Of course, the biggest challenge Preakness organizers faced was the black cloud hanging over race favorite Medina Spirit, the details of which are well known and need not be rehashed here. The adage that there’s no such thing as bad publicity doesn’t always hold water when it comes to Thoroughbred racing, rightfully so in many cases.
From a relatively small crowd and race field, to a marquee horse in the main event that entered with a stain, the 2021 Preakness had every right to turn out disappointing. In fact, the opposite happened.
Shockingly, this Preakness turned out to be the most popular, wagering-wise, in race history. Betting on the Preakness itself was up nearly 11% over the 2019 edition, the last time it was held on its traditional date, and it also crushed the all-time record set in 2005. Total wagering on the Preakness card was more than $113 million, the first time it had handled more than $100 million. Friday’s Black-Eyed Susan card also produced record handle of more than $27 million.
What accounts for this unexpected success? For starters, the weather over the weekend was absolutely ideal and much improved over Preakness weekend conditions dating back to the middle of the last decade. While the undercard stakes lacked much in the way of star power and the supporting allowances were won by short-priced horses, field size was reasonably strong. It also might have helped that some tracks that have normally raced on Preakness Day did not for various reasons.
The Preakness itself turned out to be a more attractive betting race than one might have expected, with Medina Spirit a lukewarm 2-1 favorite and many of the new shooters inexplicably taking more action than they seemingly deserved. Although the finish to the Preakness itself didn’t turn out as spine-tingling as the Derby, it was a much more truly run race, with an honest, contested pace and the opportunity for closers to make an impact late if they were good enough.
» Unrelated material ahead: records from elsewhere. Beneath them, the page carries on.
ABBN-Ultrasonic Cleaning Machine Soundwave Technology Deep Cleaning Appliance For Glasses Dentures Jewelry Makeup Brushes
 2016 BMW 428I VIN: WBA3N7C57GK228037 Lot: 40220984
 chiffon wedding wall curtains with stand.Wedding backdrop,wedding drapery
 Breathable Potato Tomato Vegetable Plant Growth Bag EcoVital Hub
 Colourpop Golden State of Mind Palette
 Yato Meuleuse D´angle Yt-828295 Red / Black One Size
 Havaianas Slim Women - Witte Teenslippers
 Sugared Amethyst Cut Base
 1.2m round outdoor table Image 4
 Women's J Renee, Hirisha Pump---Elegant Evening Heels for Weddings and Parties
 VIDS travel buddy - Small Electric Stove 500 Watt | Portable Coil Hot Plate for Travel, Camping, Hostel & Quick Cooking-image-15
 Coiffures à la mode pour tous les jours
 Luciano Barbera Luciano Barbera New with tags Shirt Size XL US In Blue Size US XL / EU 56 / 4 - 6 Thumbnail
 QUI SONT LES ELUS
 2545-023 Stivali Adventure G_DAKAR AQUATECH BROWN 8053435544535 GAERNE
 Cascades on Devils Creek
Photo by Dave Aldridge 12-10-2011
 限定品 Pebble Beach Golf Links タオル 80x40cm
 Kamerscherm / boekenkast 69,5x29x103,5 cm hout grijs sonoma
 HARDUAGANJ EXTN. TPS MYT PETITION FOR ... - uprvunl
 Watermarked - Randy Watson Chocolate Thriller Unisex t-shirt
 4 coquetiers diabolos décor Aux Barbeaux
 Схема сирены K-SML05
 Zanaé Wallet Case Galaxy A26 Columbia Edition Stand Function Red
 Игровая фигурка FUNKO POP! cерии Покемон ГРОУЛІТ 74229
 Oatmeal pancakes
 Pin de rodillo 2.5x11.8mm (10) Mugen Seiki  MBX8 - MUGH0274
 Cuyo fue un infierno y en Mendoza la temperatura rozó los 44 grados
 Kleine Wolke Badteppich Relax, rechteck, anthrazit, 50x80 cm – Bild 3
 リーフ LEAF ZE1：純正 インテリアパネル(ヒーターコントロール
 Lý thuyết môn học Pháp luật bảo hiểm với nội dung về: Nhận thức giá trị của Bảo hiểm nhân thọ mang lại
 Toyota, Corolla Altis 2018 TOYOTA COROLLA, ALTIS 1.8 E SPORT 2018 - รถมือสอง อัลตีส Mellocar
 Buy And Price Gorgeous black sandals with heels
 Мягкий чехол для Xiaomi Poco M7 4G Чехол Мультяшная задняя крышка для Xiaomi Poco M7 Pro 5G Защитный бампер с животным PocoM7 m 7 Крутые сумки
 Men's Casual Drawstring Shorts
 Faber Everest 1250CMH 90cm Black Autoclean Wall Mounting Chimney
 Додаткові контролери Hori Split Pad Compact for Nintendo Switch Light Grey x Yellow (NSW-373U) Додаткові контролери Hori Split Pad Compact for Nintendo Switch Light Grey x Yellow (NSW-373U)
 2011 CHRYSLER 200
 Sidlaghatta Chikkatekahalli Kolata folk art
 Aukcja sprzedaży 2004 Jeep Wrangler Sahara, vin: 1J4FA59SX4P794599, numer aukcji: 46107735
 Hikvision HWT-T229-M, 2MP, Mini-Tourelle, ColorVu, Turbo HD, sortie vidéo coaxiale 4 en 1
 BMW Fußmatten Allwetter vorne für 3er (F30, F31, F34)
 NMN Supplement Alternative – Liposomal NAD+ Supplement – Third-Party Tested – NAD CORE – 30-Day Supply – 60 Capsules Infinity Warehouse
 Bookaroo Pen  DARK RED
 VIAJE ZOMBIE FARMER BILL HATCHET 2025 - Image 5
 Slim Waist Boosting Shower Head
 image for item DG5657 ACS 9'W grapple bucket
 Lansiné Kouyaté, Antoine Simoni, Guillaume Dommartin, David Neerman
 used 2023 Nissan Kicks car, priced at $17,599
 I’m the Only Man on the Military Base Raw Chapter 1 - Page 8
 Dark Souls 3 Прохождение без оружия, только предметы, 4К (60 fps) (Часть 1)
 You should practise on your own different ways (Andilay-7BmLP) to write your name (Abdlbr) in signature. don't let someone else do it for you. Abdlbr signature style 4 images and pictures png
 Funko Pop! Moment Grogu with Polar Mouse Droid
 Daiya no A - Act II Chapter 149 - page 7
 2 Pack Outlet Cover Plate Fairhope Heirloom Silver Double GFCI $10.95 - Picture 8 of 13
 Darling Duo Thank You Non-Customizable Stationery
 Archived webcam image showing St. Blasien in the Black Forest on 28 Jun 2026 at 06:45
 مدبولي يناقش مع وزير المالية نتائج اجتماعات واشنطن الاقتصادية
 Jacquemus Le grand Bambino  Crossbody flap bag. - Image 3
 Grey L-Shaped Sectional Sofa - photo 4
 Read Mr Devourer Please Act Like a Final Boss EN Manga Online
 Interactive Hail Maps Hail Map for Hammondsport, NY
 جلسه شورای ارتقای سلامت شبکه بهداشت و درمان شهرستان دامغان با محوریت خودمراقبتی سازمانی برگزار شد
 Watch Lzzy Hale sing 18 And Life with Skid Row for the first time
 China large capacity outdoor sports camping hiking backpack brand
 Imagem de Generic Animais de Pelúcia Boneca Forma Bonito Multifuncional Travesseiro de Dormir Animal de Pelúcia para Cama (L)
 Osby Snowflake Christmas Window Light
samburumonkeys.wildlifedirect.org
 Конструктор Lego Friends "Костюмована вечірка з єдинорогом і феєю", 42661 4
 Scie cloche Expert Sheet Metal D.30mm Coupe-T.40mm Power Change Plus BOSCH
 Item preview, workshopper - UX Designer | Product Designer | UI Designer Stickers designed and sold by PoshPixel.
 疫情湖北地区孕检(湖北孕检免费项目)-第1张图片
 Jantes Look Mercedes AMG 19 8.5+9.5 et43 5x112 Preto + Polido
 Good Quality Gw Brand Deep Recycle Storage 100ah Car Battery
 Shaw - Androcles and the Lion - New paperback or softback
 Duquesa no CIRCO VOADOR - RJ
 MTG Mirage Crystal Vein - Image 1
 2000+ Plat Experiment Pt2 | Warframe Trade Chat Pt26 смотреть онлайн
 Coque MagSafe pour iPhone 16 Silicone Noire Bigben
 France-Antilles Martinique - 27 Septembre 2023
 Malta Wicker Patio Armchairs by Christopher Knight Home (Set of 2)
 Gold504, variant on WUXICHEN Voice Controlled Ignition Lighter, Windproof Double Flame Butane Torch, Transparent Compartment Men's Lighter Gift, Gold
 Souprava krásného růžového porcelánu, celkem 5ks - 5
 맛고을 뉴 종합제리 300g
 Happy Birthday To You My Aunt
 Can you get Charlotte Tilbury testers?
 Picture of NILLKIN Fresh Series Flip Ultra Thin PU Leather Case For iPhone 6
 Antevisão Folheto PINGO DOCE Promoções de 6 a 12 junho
The Preakness also resulted in a story racing fans can feel good about. Owners John and Diane Fradkin operate a relatively small commercial breeding enterprise and now have reached one of the sport’s pinnacles. A humble and emotional trainer Michael McCarthy was overcome with pride and joy after seeing his first classic starter win, and jockey Flavien Prat now knows how it feels to win a Triple Crown race by crossing the finish line in first.
Everything but the kitchen sink was thrown at the Preakness this year and, once again, it proved resilient in the face of it all. The handle figures alone suggest that it’s nowhere close to the commercially unattractive dumpster its critics imagine it to be in, despite the lack of support of some horsemen with good three-year-olds. It remains, as it always has in the era of full-card simulcasting and online wagering, one of the four biggest betting days in American racing alongside the Kentucky Derby, Belmont Stakes, and Breeders’ Cup Saturday.
Having addressed this issue in a piece back in 2016, the bottom line is that while Pimlico may be broken (but not for many years longer), the Preakness is not. Moving the race away from its current position on the calendar would seemingly put its popularity with the betting and viewing public at risk. Nor would it necessarily receive cooperation from the folks at the New York Racing Association, who’ve done so well at enhancing and maintaining Belmont Day as a top-four betting attraction on an annual basis. They presumably like their traditional early June spot as is, and it obviously works for them.
Handcuffed by their current practices, stubborn horsemen might continue to pass on the Preakness with otherwise capable Kentucky Derby starters. As the results of the weekend suggest, that’s a problem in search of a fix more than the Preakness’ long-held position on the third Saturday in May.